### Task input
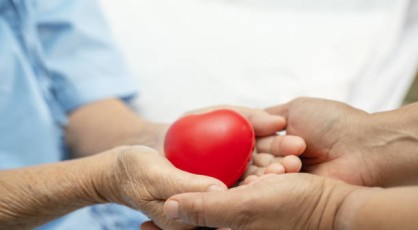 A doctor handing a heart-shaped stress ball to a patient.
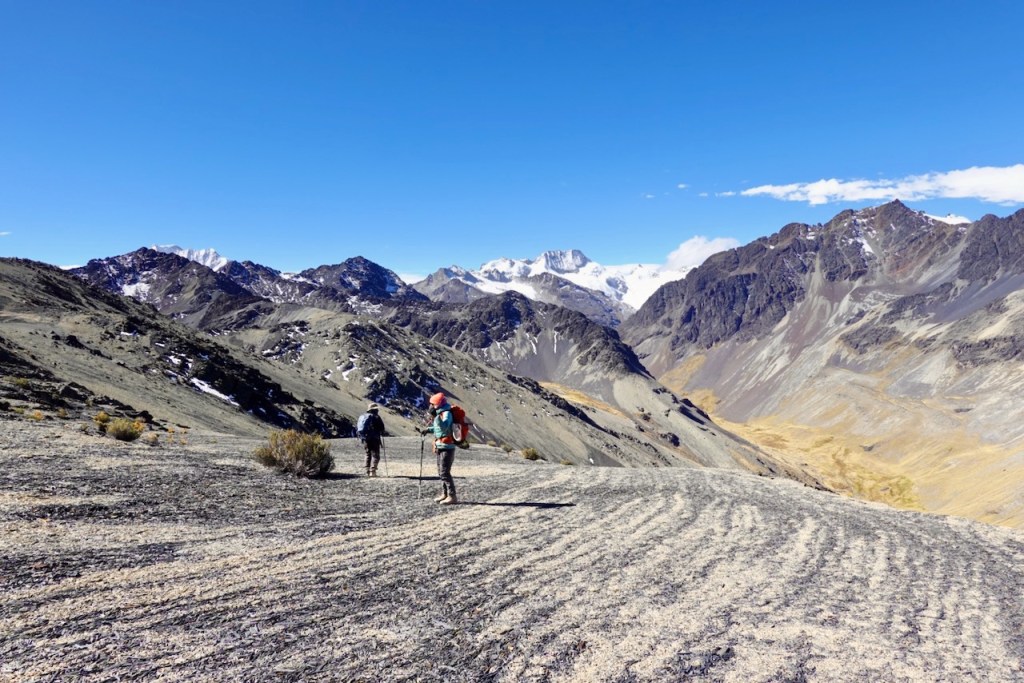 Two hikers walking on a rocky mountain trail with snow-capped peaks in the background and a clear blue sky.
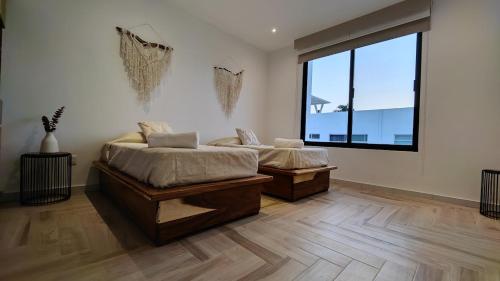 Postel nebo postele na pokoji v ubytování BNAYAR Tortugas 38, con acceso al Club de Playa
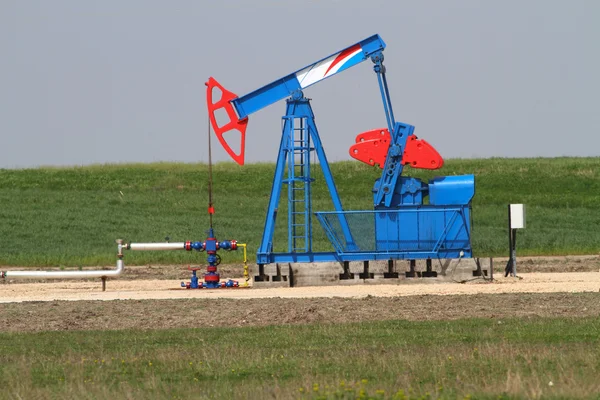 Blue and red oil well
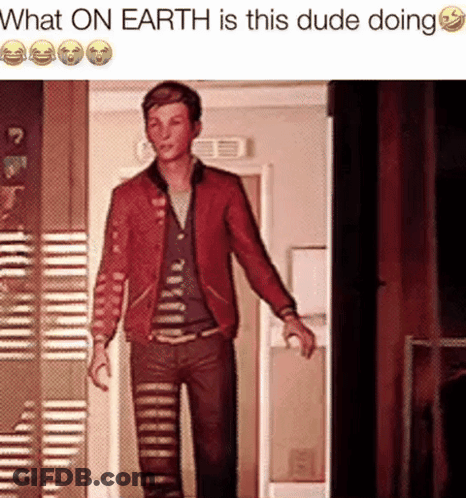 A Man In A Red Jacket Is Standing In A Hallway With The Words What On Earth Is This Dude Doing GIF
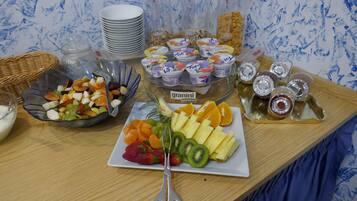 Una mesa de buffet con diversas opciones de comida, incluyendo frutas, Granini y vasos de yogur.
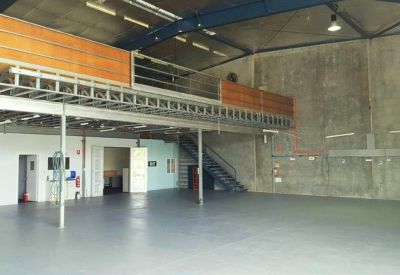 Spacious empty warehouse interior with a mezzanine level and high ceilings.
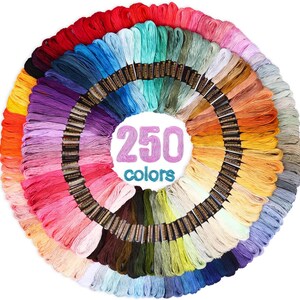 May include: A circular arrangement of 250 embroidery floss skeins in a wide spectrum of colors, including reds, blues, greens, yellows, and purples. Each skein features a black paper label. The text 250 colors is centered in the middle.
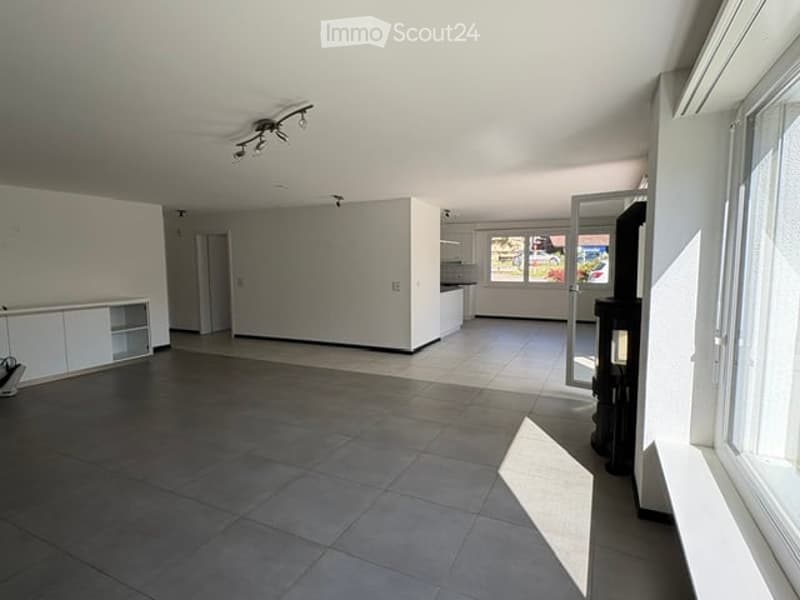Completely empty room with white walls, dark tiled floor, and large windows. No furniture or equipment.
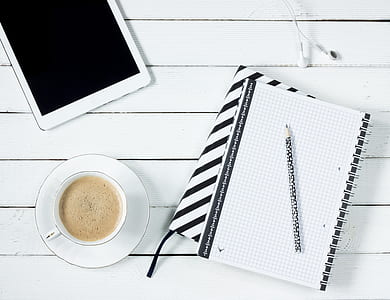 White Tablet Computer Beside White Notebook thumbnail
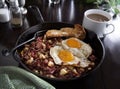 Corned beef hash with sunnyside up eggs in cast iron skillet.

---

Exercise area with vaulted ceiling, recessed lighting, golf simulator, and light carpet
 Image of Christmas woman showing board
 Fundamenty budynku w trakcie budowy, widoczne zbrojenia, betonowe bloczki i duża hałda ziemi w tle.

### Task to complete
In the records above, find the line with "Una mesa de" and the line with "Corned beef hash", then restate word for word only those two lines and all lines between, omitting pictures.

### Answer box
 Una mesa de buffet con diversas opciones de comida, incluyendo frutas, Granini y vasos de yogur.
 Spacious empty warehouse interior with a mezzanine level and high ceilings.
 May include: A circular arrangement of 250 embroidery floss skeins in a wide spectrum of colors, including reds, blues, greens, yellows, and purples. Each skein features a black paper label. The text 250 colors is centered in the middle.
Completely empty room with white walls, dark tiled floor, and large windows. No furniture or equipment.
 White Tablet Computer Beside White Notebook thumbnail
 Corned beef hash with sunnyside up eggs in cast iron skillet.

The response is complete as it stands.